Mrs Basim told Rukhshana Media that they had been trying to find ways to work around the problems Taliban authorities were setting up for them, but she finally conceded defeat.
“Although the library had already suspended operations for two months due to all the restrictions and pressure from the Taliban,” Mrs Basim said. “But today, it’s officially closed.”
“We emptied the shelves, locked the gate, and brought the books home,” she said. “Unfortunately, in the days when the death knell of knowledge is tolling everywhere and our land has plunged into darkness, another of the hopes of enlightenment has been extinguished in Kabul and in Pol-e-Sorkh area, which was once the center of cultural gatherings and reading books.”
The special library only opened its doors six months ago with the goal of promoting reading and raising resources for women. During this time, they always tried to keep the lights on and the interest alive. But ultimately the pressure – both official and unofficial – became too much and the library had to close.
Mrs Basim said the main factor was the Taliban’s decrees restricting women and girls in all sorts of endeavors including education and work.
“Taliban forces have raided the women’s library at least twice already and sealed its doors. For the past two months, it has been heavily monitored by the Taliban,” she said.

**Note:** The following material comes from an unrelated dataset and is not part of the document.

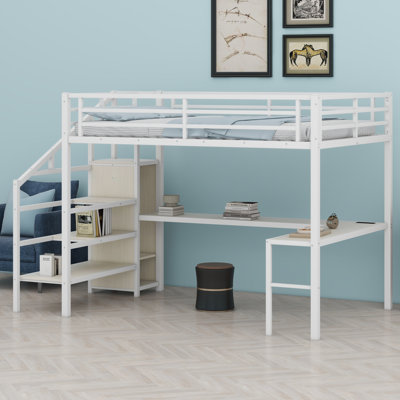 Metal Loft Bed With L-Shaped Desk And USB, Wardrobe And  Shelf, High Loft Bed With LED For Kids Teens Adults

The library had opened through a massive effort of women in Kabul and the support of women abroad. “These brave women took their bread money and spent it on making the library. Despite all this, the restrictions do not allow us to continue our services.”
Mrs Basim added that the library was not just a place to loan books, but it had also become a safe place to meet and to share their struggles at a time when women are mostly homebound and are key targets of Taliban ideology.
The library used to attract all manner of women including former school and university students who could no longer attend classes, and women who used to work in offices and NGOs but who were no longer allowed to work.
There had been rumors and hopes that the Taliban would lift the ban on girls education above grade six, but instead the ban was reiterated at the start of the academic year, further plunging many girls and women into despair.